Pilar Fogliati e Filippo Scicchitano nel secondo lungometraggio di Riccardo Antonaroli, remake dell’israeliano Honeymood di Talya Lavie. Dal 29 agosto al cinema.
di Simone Emiliani
C’è un fantasma nel lussuoso hotel dove Eleonora e Valerio, che si sono appena sposati, stanno per trascorrere la loro prima notte di nozze. È quello del cameriere interpretato da Armando De Razza. Scompare e riappare, cita tutte le celebrità che hanno dormito nella ‘Love Suite’ prima di loro come George Clooney, Sting, Charlize Theron, Brad Pitt, Angela Merkel ma anche Pupo, Cristiano Malgioglio e il Mago Otelma. La sua immagine sfiora la dimensione grottesca e ha qualcosa di inquietante. La sua presenza è anche il segnale che Finché notte non ci separi si avvicina e poi sembra abbandonare le forme della commedia matrimoniale.
La sua figura potrebbe richiamare quella del direttore dell’albergo di Pretty Woman interpretato da Hector Elizondo, che è il vero burattinaio del destino di Edward/Richard Gere e Vivian/Julia Roberts. Più che trait-d’union tra i protagonisti, diventa invece il punto di partenza di un film che cambia subito marcia. Dagli iniziali colori accesi e artificiali, piomba invece in una notte romana dove tutto può succedere.
Eleonora e Valerio, rispettivamente interpretati da Pilar Fogliati e Filippo Scicchitano, sono da qualche ora marito e moglie ma in realtà sembrano due estranei. Un anello, un assegno da 356 euro, un paio di sneakers. Entrambi sono ancora legati ai loro ex. Lui è un agente immobiliare, lei una tirocinante osteopata.
Proprio sulla loro diversità, sul contrasto degli opposti, forse anche sulla ricerca di loro stessi, inizia il loro lungo viaggio nella notte in cui incrociano un tassista complice e poi ostile interpretato da Francesco Pannofino, i loro rispettivi fidanzati Ester e Michele (Neva Leoni e Claudio Colica), i genitori di Valerio (Giorgio Tirabassi e Lucia Ocone) che si accorgono subito che tra loro sta succedendo qualcosa di strano, fino a una scrittrice di libri gialli portata sullo schermo da Valeria Bilello che vuole vivere sulla pelle le emozioni dei personaggi del suo prossimo lavoro.
Al suo secondo lungometraggio dopo La svolta, Riccardo Antonaroli racconta ancora una solitudine esistenziale e lo fa principalmente attraverso le figure dei due protagonisti. Finché notte non ci separi è il remake dell’israeliano Honeymood di Talya Lavie e ne ricalca la storia, in quel caso ambientata a Gerusalemme.
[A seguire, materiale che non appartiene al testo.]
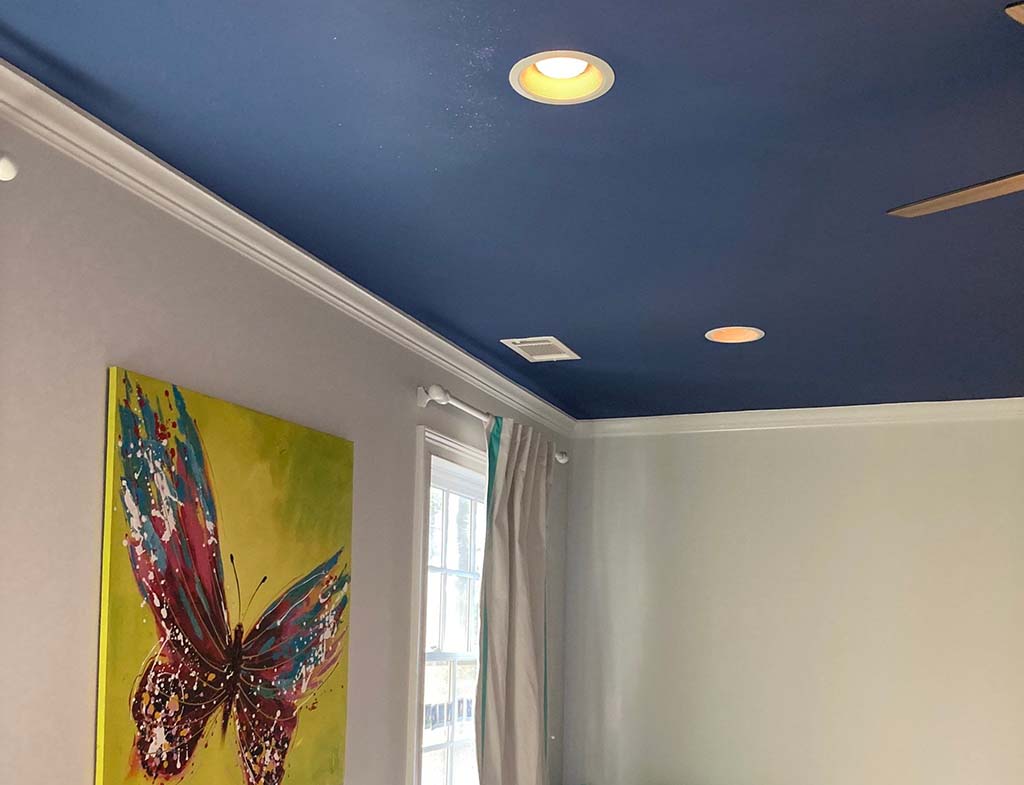 Blue painted ceiling of bedroom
Al tempo stesso però condivide con il film d’esordio del regista quella dimensione straniata in cui attraversa i generi senza però farsi ingabbiare dalla loro struttura. Per questo, per chi non ha visto l’originale, ha dei risvolti spesso imprevisti.
Gioca su equivoci e malintesi propri della commedia sentimentale ma lascia anche deambulare i personaggi come nella scena del monopattino o sulle note di The Dream to Contemplate. Non sono ancora capaci di liberarsi del loro passato ma non riescono ancora a mettere a fuoco il loro futuro. Come nel caso di La svolta, è riduttivo inquadrare Finché notte non ci separi come esempio di cinema italiano generazionale.
Probabilmente il film di Antonaroli, scritto da Roberto Cimpanelli, Giulia Magda Martinez e Susanna Paratore, punta prima di tutto a seguire il destino dei suoi due personaggi in cui Pilar Fogliati e Filippo Scicchitano hanno trovato la giusta intesa. Comincia inoltre dove molte commedie finiscono; all’inizio i due sposi sono infatti mostrati di spalle. Da lì parte per un lungo viaggio, che è anche lo stesso di un cinema che ha come obiettivo quello di percorrere delle strade meno battute, pur affidandosi comunque a una struttura narrativa definitiva che emerge anche da dialoghi come “Per fare le battute non basta essere ebrei, devi essere Woody Allen” con cui conserva comunque il ritmo da commedia.
La dimensione onirica potrebbe prendere il sopravvento sulla componente realistica. E se fosse soltanto un sogno?